The deaths of three workers in Arkansas this month resulted from a practice that is common in the event rental industry, many say. The three workers died when supports in the intact tent they lifted over a fence touched power lines, electrocuting them. Three other workers handling the tent survived.
“That accident could happen to any tent company in the country,” says the president of one event rental company who prefers to remain anonymous. “All of our crews have done this and we have all been really lucky up to this point. In this business, we have a large low-wage [workforce] and seasonal turnover, so the awareness of possible danger isn’t always observed.”
Many rental operators tell Eventline that the practice of moving an intact tent rather than dismantling it is common. “This is done all the time,” says John Jakob of Horsefeather Trading Co. in Dallas. “I have done it myself.

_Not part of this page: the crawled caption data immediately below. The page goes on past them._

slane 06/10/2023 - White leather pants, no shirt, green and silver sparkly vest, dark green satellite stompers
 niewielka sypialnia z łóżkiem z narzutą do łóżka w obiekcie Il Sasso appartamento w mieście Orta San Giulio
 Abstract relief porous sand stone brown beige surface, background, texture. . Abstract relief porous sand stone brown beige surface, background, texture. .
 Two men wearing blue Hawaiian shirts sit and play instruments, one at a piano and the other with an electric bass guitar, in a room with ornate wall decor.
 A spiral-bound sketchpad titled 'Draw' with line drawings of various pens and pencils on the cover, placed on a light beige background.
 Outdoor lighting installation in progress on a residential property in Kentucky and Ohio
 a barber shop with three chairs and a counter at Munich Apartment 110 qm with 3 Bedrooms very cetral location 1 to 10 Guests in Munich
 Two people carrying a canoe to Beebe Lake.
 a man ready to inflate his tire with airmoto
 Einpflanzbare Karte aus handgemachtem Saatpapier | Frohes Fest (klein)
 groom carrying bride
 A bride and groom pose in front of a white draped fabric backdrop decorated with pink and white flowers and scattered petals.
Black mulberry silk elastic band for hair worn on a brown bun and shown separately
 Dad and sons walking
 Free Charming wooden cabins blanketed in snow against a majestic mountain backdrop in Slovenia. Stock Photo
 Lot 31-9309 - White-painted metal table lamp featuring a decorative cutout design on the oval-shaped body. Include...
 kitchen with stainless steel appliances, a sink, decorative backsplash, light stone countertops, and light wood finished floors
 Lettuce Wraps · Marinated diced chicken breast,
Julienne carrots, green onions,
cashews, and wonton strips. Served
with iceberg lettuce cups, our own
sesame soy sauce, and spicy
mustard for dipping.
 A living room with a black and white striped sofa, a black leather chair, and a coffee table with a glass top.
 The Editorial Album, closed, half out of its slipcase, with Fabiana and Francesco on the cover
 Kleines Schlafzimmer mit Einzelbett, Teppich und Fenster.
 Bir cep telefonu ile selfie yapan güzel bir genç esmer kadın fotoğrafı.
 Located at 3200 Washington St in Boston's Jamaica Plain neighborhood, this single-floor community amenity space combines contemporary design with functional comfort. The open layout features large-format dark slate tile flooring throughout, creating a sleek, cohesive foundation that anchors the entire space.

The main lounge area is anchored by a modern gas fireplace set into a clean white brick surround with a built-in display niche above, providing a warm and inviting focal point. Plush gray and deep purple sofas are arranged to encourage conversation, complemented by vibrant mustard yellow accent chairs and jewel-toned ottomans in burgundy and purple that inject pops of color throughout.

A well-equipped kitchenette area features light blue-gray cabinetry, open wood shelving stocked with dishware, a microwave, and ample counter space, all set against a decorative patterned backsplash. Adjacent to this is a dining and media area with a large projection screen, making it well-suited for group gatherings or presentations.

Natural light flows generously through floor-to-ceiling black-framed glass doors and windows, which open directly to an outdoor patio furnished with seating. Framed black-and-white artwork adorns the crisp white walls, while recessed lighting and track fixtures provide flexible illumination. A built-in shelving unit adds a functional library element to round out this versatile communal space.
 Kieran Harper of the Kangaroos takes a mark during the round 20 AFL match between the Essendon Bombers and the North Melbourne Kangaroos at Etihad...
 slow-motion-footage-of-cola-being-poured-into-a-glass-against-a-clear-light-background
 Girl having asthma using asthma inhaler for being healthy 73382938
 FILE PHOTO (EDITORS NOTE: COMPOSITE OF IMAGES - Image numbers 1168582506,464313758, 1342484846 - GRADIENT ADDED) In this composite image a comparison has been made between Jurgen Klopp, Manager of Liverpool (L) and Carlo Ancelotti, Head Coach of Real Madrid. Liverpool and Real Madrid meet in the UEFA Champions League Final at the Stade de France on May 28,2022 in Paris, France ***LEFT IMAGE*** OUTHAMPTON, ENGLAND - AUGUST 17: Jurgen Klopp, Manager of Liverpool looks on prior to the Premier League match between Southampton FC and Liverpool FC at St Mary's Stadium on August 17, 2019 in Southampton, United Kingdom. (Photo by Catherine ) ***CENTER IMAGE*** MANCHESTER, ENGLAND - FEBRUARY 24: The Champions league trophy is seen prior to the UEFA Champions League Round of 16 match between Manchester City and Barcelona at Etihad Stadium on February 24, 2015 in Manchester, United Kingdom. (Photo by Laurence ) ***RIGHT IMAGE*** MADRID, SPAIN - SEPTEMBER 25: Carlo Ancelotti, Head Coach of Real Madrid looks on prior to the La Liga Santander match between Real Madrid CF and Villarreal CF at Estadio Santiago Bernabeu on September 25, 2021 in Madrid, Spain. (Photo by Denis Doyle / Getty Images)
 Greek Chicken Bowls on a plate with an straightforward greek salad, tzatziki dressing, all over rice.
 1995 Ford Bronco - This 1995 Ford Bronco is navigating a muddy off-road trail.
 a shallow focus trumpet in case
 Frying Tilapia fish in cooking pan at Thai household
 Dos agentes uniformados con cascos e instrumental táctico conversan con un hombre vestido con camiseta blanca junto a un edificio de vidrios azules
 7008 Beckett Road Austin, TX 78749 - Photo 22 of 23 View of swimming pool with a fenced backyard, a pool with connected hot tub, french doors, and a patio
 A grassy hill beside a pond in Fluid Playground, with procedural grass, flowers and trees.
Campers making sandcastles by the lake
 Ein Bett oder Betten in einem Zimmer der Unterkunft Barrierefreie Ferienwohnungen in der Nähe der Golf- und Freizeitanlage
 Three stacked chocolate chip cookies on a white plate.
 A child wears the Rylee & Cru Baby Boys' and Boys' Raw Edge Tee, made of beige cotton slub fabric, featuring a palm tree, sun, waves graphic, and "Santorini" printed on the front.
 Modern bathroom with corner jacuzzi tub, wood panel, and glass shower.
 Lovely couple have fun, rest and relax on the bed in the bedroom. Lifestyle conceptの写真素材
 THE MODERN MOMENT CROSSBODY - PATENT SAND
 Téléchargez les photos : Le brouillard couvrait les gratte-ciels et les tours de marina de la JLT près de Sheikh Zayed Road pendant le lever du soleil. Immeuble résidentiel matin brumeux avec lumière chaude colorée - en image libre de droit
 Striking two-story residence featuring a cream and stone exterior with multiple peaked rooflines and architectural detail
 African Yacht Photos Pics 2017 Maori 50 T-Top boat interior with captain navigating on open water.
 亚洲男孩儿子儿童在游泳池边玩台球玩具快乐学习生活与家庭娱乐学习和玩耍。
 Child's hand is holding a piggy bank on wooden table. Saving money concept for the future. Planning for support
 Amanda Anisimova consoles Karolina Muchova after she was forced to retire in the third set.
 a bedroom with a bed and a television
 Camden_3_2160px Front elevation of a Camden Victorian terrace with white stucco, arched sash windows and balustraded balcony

I’ve have also moved tents on the backs of vehicles.”
Rental operators note that the quirks of event sites, the pressures of approaching deadlines and the changing whims of clients may force the rental company to move the tent without dismantling it.
Even so, thorough site inspection and proper supervision of the crew might have averted the disaster. “This is always avoidable,” Jakob says. “Prior to moving a tent, power lines should be pointed out and avoided.”
Both the American Rental Association and the tent rental division of the Industrial Fabrics Association International offer training aids to ensure safe tent handling. For more on this subject, see the next “Rental Essentials” column in our December issue of Special Events Magazine.
Many rental companies are using the tragedy as a reminder to their crews that tent work is serious work.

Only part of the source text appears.